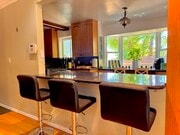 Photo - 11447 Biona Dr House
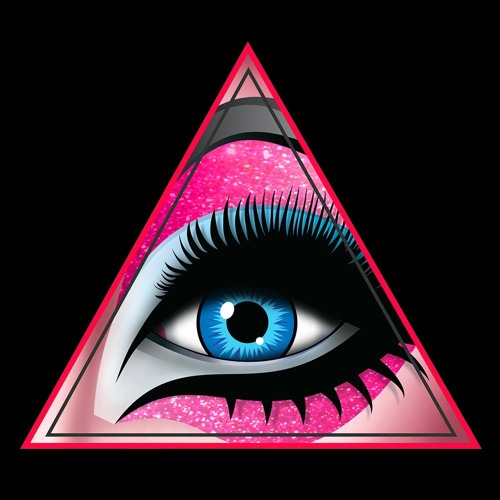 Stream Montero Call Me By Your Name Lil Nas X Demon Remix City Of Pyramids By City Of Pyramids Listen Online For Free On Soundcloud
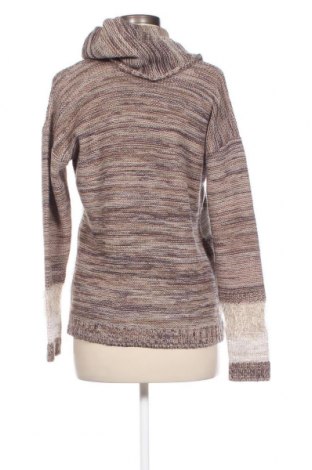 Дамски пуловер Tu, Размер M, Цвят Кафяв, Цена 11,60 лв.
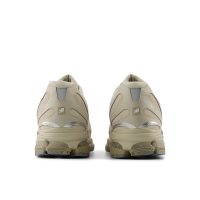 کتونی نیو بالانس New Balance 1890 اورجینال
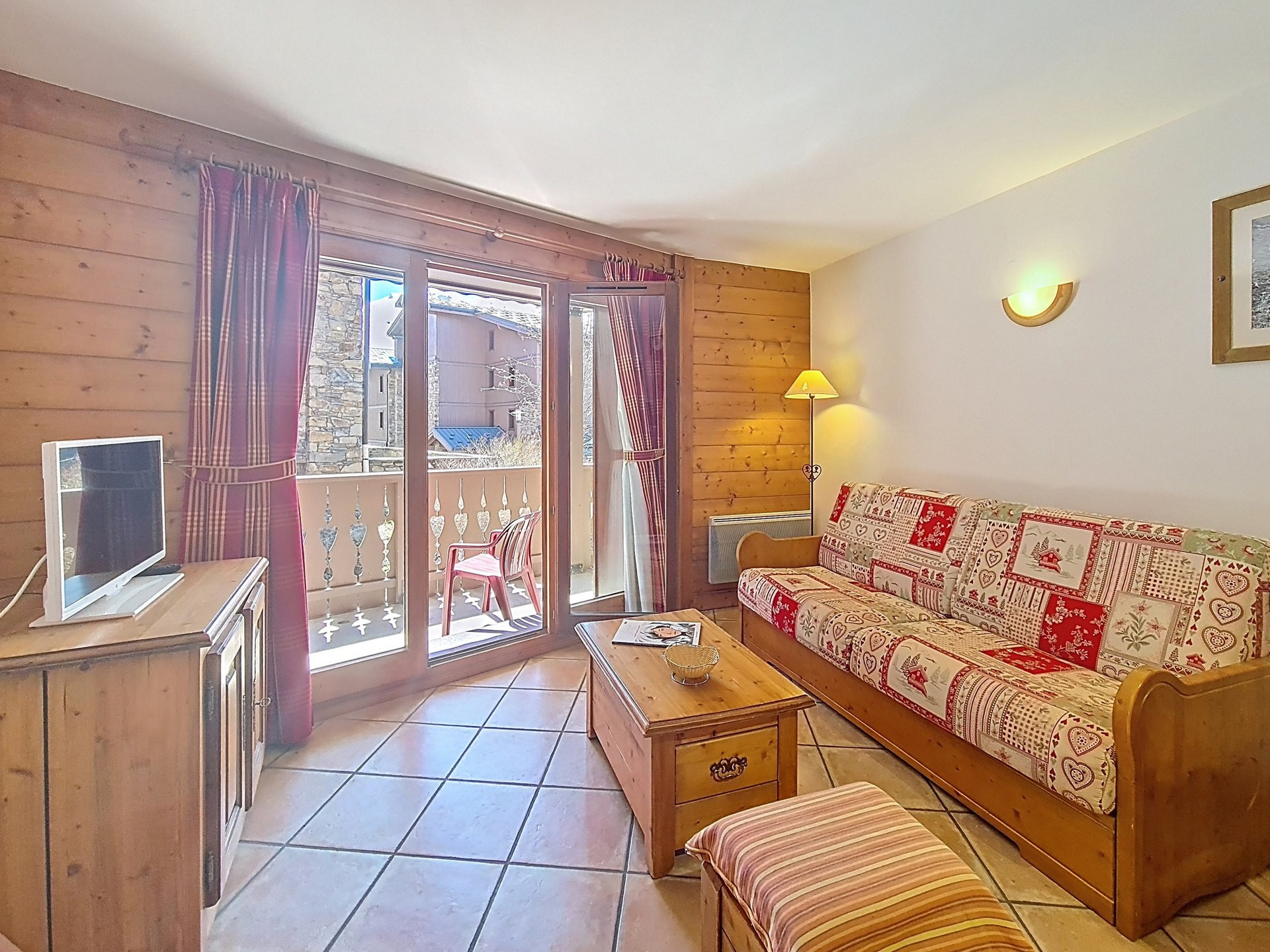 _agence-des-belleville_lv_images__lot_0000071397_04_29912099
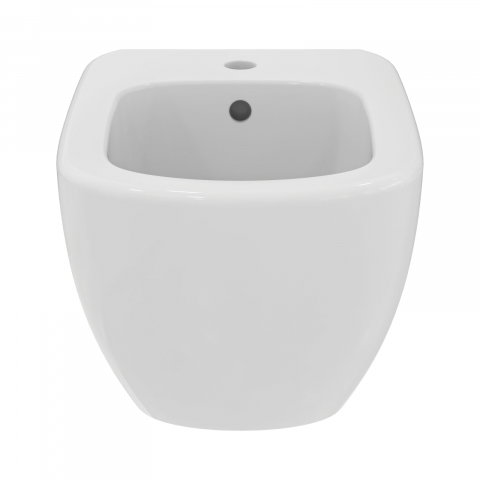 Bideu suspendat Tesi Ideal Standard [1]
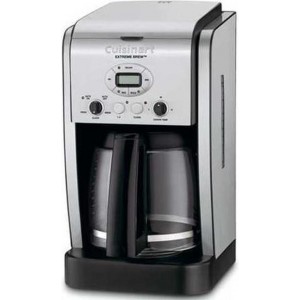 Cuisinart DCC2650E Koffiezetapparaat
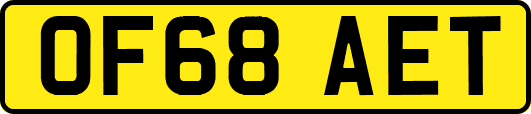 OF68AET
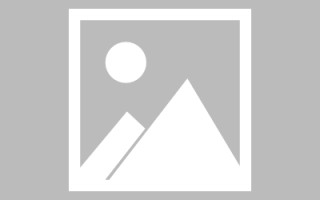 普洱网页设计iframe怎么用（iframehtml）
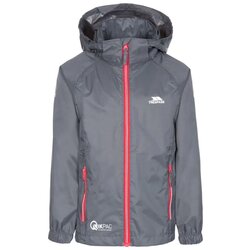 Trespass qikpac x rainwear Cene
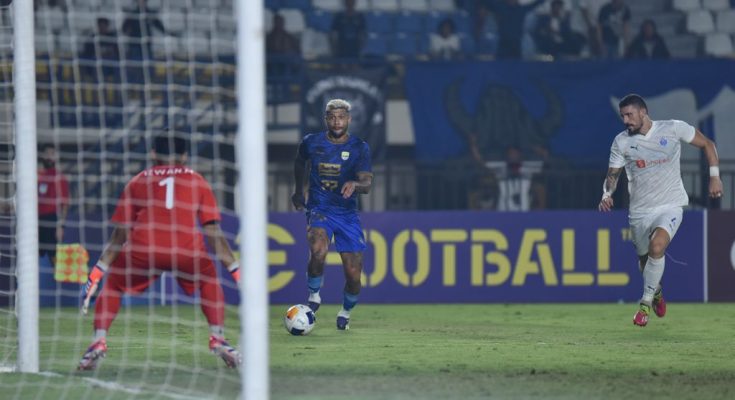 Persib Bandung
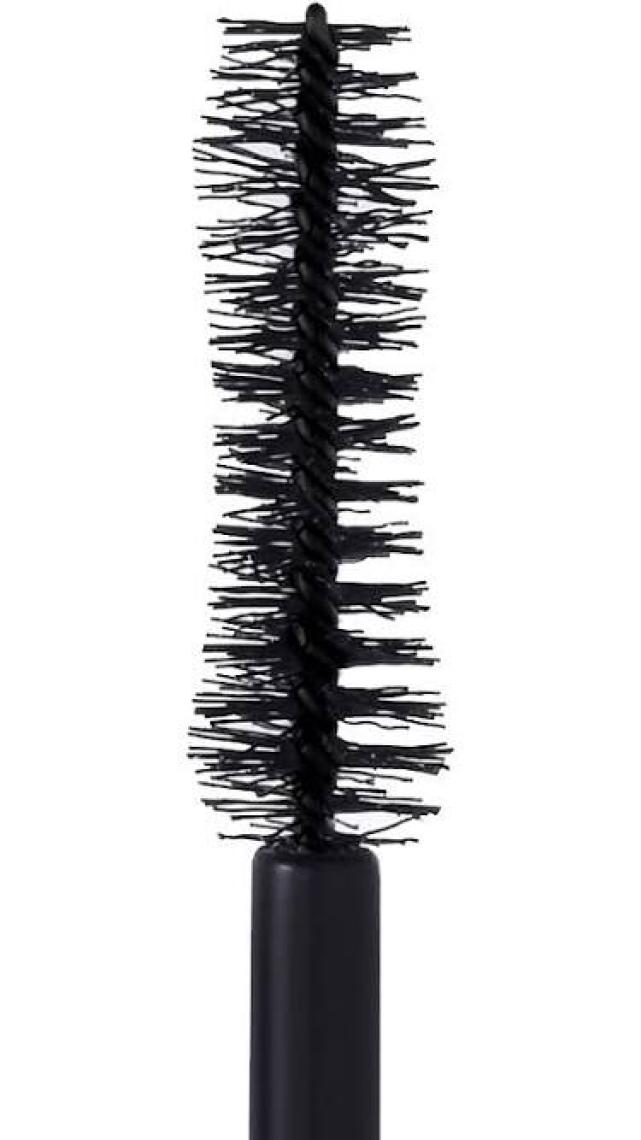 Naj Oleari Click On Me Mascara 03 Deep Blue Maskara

■ PROBLEM TO SOLVE
Restate every record above word for word, without images.

■ RESULT
 Photo - 11447 Biona Dr House
 Stream Montero Call Me By Your Name Lil Nas X Demon Remix City Of Pyramids By City Of Pyramids Listen Online For Free On Soundcloud
 Дамски пуловер Tu, Размер M, Цвят Кафяв, Цена 11,60 лв.
 کتونی نیو بالانس New Balance 1890 اورجینال
 _agence-des-belleville_lv_images__lot_0000071397_04_29912099
 Bideu suspendat Tesi Ideal Standard [1]
 Cuisinart DCC2650E Koffiezetapparaat
 OF68AET
 普洱网页设计iframe怎么用（iframehtml）
 Trespass qikpac x rainwear Cene
 Persib Bandung
 Naj Oleari Click On Me Mascara 03 Deep Blue Maskara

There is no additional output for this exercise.